EU Pledges State Aid, Trade Tools to Help Chemicals Industry
(Bloomberg) -- The European Union pledged to use its trade defense powers and state aid measures to shield the continent’s chemicals makers from high energy costs and intensifying US and Chinese competition — a sign of the strain that one of the bloc’s most important industries is under.
The European Commission announced a strategy on Tuesday that would involve identifying critical chemicals at risk from what the bloc’s members deem unfair competition and setting up critical production sites to attract investment. Along with national governments, the bloc’s regulatory arm has been under pressure from the industry to prevent plant closures, eliminate investment barriers and ease regulatory pressure.
The long-awaited pledge for an overhaul comes just a day after Dow Inc. said it would shutter three plants in the continent, cut hundreds of jobs and take charges of as much as $790 million. The EU has seen an alarming loss of its share of the global chemicals market over the past decade. US plants are benefiting from the nation’s cheap energy bonanza at a time when Europe’s access to Russian gas has been severely reduced due to the war in Ukraine.

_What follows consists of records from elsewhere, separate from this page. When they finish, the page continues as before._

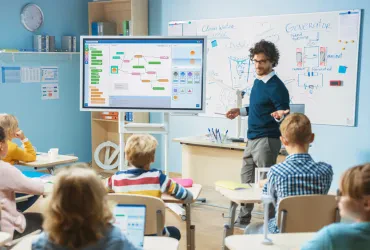 Ausbildung und Weiterbildung: Qualifikation, Perspektiven und lebenslanges Lernen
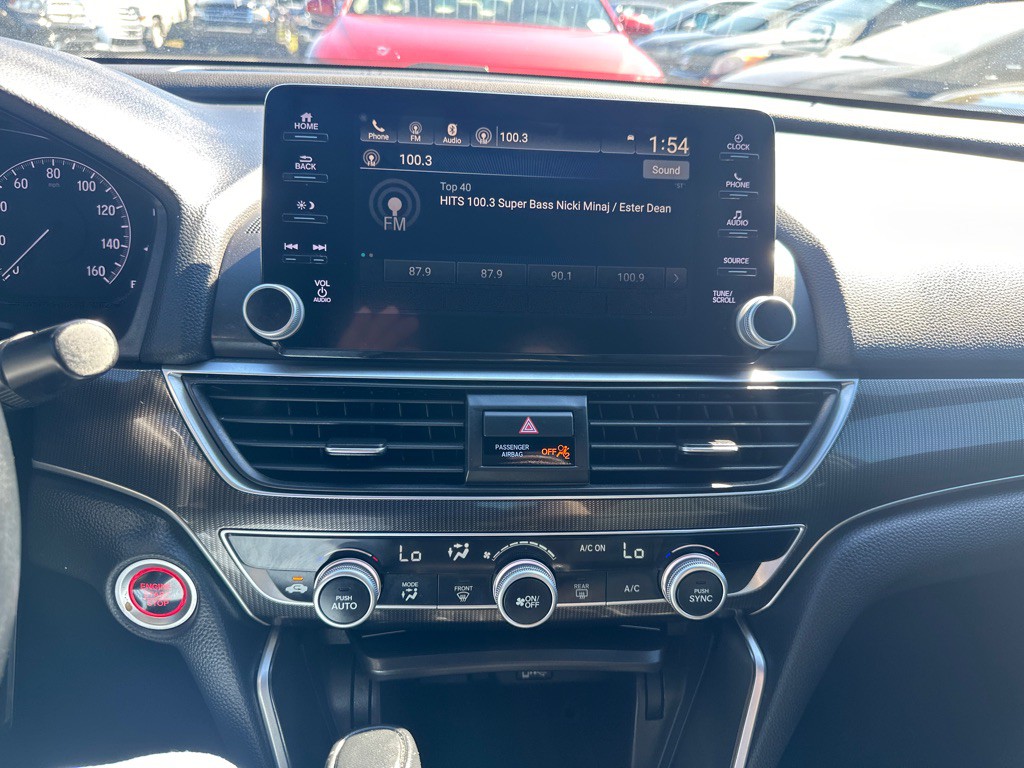 2019 Honda Accord Image 13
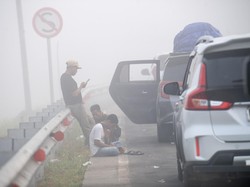 Video Relawan Bantu Warga Bernapas saat Karhutla di Kalimantan Barat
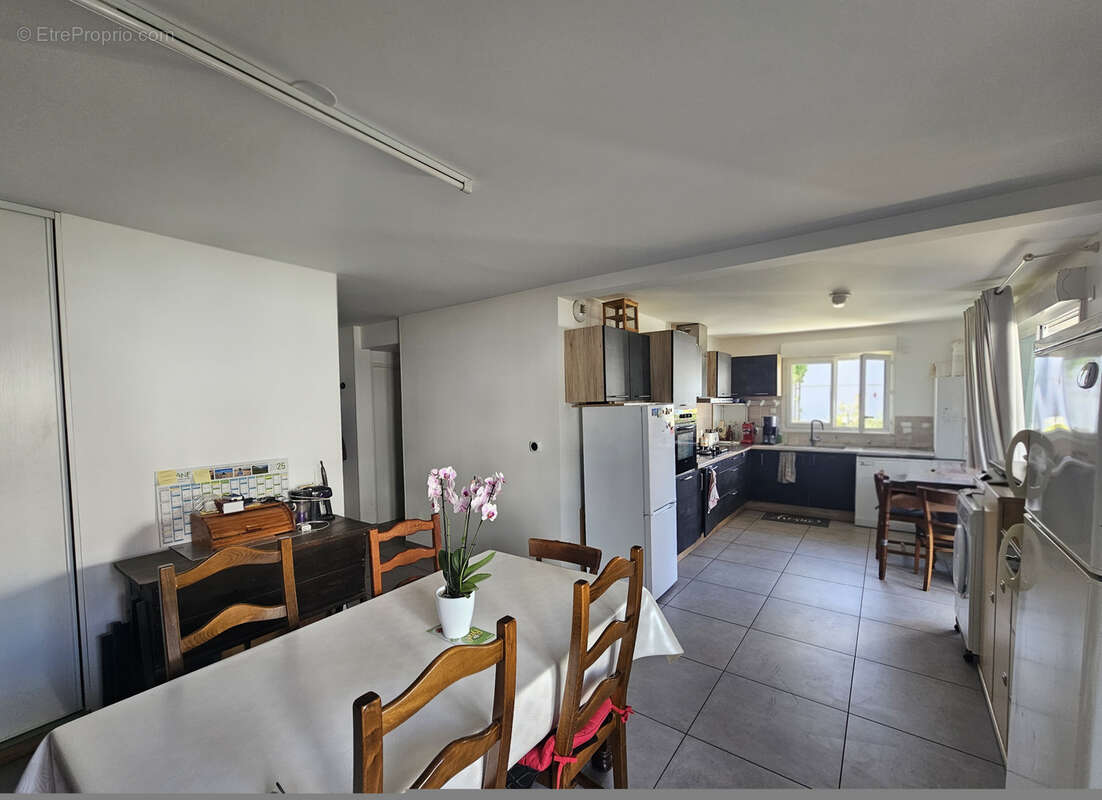 Appartement T3 en rez de jardin proche centre-ville BELLEY - photo 4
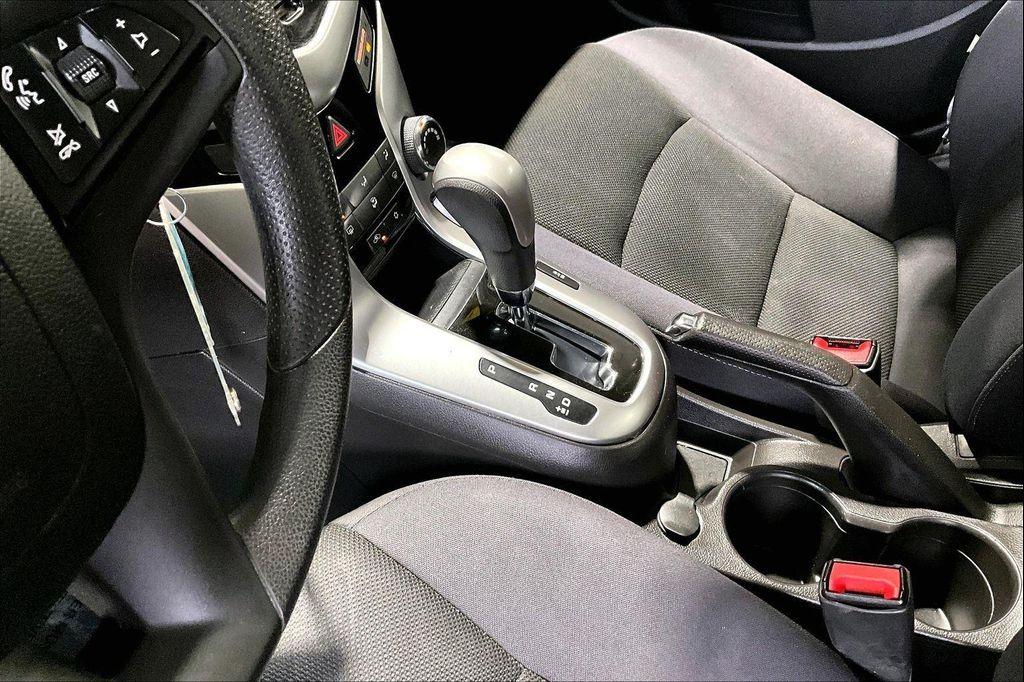 used 2015 Chevrolet Cruze car, priced at $6,797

“Chemicals is the mother of all industries, with over 96% of manufactured goods relying on chemicals,” EU industry chief Stephane Sejourne said. “Today’s action plan on chemicals is our business plan to secure this critical sector’s future in Europe.”
Europe’s chemicals makers are heavily reliant on trade with the US, sending 37.7 billion euros of chemicals products across the Atlantic in 2023, according to the European Chemical Industry Council, better known as CEFIC. The trade group says the industry accounts for 1.2 million jobs.
Commission President Ursula von der Leyen has made competitiveness of Europe’s industry a key policy priority during her second term in office, vowing to support energy-intensive manufacturers during the bloc’s massive green overhaul.
The challenge she’s facing has become even bigger due to Trump’s reversal on US climate goals, the risk of a tariffs-driven trade war, and worries about Chinese subsidies.
The EU’s share of the global chemicals market stood at 13% in 2023, a drop of 15 percentage points in two decades, according to CEFIC.
As part of its strategy, the commission plans to update state aid rules to lower electricity costs for more chemical producers under the bloc’s carbon market. It also pledged fiscal incentives to boost demand for clean chemicals and proposed a package to simplify EU rules on chemical, cosmetic, and fertilizing products.
The plan for the chemical industry also sets out a future use case for per- and polyfluoroalkyl substances, or PFAs, that are also known as forever chemicals.
While stressing its commitment to minimize the emissions of those substances, the commission said it allow their continued use in “critical applications under strict conditions where no alternatives are available”.
“Our industry in Europe continues to face difficult market dynamics, as well as an ongoing challenging cost and demand landscape,” Dow chief executive Jim Fitterling said in a statement on Monday.